Dass man diese banale Tatsache in den Kommunen zwar notgedrungen erkannt hat, im politischen Berlin und den nahestehenden Medien aber nicht offen thematisieren will, erschwert jede vernünftige Sparlösung. Man hält das eben für unanständig und AfD-nah – während tatsächlich natürlich jeder sich denken kann, dass genau diese weiter uneingedämmte Armutszuwanderung der Hauptgrund für das Umfragehoch der AfD ist. Dass letztere trotz ihrer einhelligen Ablehnung in den Medien, die längst ein soziales Stigma bedeutet, aktuell von bis zu 17 Prozent gewählt würde, ist das eigentliche Armutszeugnis dieser Regierung. (Und auch eines Oppositionsführers, dem der Traum vom künftigen Regieren mit mindestens einer der jetzigen Regierungsparteien den politischen Verstand geraubt hat.)
Die Tatsache, dass der dritte Partner, nämlich die Grünen, offenbar bei den Einsparverhandlungen bislang außen vor gelassen wird, zeigt, dass sich wohl eine grundlegende Verschiebung der Konfliktlinie innerhalb der Koalition abzeichnet.

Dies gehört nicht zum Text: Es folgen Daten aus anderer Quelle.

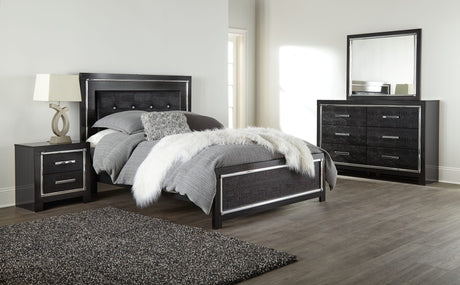Kaydell Black Upholstered Panel Bedroom Set King 3: Bed, Dresser, Mirror from Ella Furniture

Während zunächst die FDP als Einzelgänger im Trio betrachtet wurde, scheinen nun die Grünen unter dem Eindruck der jüngsten Habeck-Performance (wohlstandsvernichtendes Heizungsgesetz und Agora-Klüngel als Wählerschreck) diesen Part zu übernehmen. Womöglich ist sowohl Scholz als auch Lindner nach anderthalb gemeinsamen Regierungsjahren eine Art Licht aufgegangen über den Charakter der Grünen als einer zum Größenwahn neigenden Partei, für die so etwas wie solide Haushaltsführung angesichts des Weltrettungskampfes für die Klimagerechtigkeit grundsätzlich als irrelevant oder gar unmoralisch gilt.
Dass der angeschlagene grüne Vizekanzler Robert Habeck schon gefordert hat, die Steuern zu erhöhen, um Finanzierungslücken zu schließen, kann man durchaus als eine neue Kampfansage an Lindners FDP verstehen. Der weiß, dass seine FDP und er ganz persönlich als endgültig gescheitert dastehen werden, wenn die Bürger im Hochsteuerland Deutschland, dessen Hausbesitzer durch grünen Klimarettungswillen ohnehin extrem geschröpft werden sollen, demnächst nicht wie von ihm versprochen weniger, sondern noch mehr Steuern zahlen müssen. Das Ende der FDP wäre allerdings für die Bürger dieses Landes in einem solchen Fall noch das geringste der Probleme.
Auf kommunaler Ebene – dort wo ein großer Teil der bundespolitischen Fehlentscheidungen, nicht zuletzt der moralistisch-ideologisch verbohrten Einwanderungspolitik der offenen Grenzen und Kassen, bezahlt werden muss – ist schon jetzt mit Gebühren- und Steuererhöhungen fest zu rechnen.
Dass Deutschland nicht mal zwei Jahrzehnte nach einer grundlegenden Reform des Sozialstaates, vielen Jahren des Wirtschaftswachstums und nur wenigen der Stagnation nun vor einem solchen strukturellen Missstand seiner Staatsfinanzen steht, ist ein niederschmetterndes Zeugnis für die Politik dieses Landes. Die Schuld daran tragen die vorangegangenen Regierungen (also auch der Ex-Bundesfinanz- und Ex-Sozialminister Olaf Scholz) ebenso wie die aktuelle. Während seit Jahren in der veröffentlichten Meinung eine Klimakatastrophe als globales Untergangsszenario prophezeit wird, stolpert der von Möchtegernkatastrophenverhinderern regierte Staat unversehens in eine wahrhaftige Krise seiner eigenen Begrenzungsunfähigkeit. Bei dem ehemaligen Bundesfinanzminister Scholz und seinem Amtsnachfolger Lindner ist vielleicht immerhin eine Ahnung davon vorhanden, was diese strukturelle Überforderung des Staates und seiner Steuerzahler bedeutet.